Press conference by NATO Secretary General Jens Stoltenberg following the meeting of the NATO-Georgia Commission at the level of Defence Ministers (February 16)
We just conducted a good meeting of the NATO-Georgia Commission. We examined the security situation in Georgia and we consulted on Black Sea security, including NATO’s strengthened presence in the region.
We also addressed Georgia’s progress in implementing defence reforms, particularly the Strategic Defence Review. The Review will create more responsive, efficient and sustainable forces.
Georgia is making good progress working closely with NATO teams to implement the Substantial NATO-Georgia Package. This builds on our existing achievements. A Defence Institution Building School was inaugurated last year. Our Joint Training and Evaluation Centre has completed its first series of training sessions and exercises. And in November, eleven Allies and two partner countries participated in the second NATO-Georgia exercise.
NATO is strongly committed to Georgia’s security and territorial integrity. We are concerned by Russia’s deepening relations with the Abkhazia and South Ossetia regions of Georgia. We call on Russia to reverse its recognition of these regions and to withdraw its forces from Georgia.
And we will continue to work together and to provide the practical tools to help Georgia advance toward eventual NATO membership.
And with that, I am ready to take your questions.
OANA LUNGESCU (NATO Spokesperson): Okay we go to NPR, third row.
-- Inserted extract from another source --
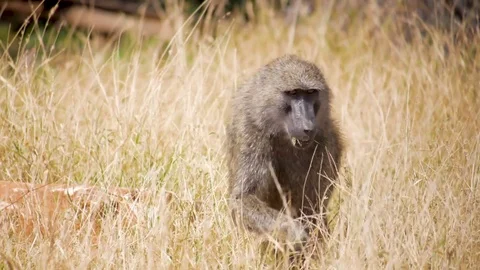 Baboons walking through tall grass eating in samburu Africa Stock Footage 78190088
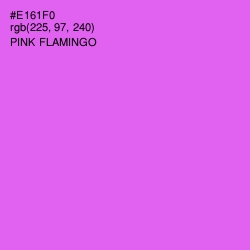 #E161F0 - Pink Flamingo Color Image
Q: Mr. Secretary General in your earlier news conference you mentioned the letter from the Libyan Prime Minister. Can you tell us more about what exactly they’re asking for? NATO has long said, for years, that you’re ready to help Libya. What kind of training do you think might be a good match at this point given the situation inside Libya? Where is it conceivable that such training could take place? And how far can you go with a government that is, is in such a fragile situation itself? Thanks.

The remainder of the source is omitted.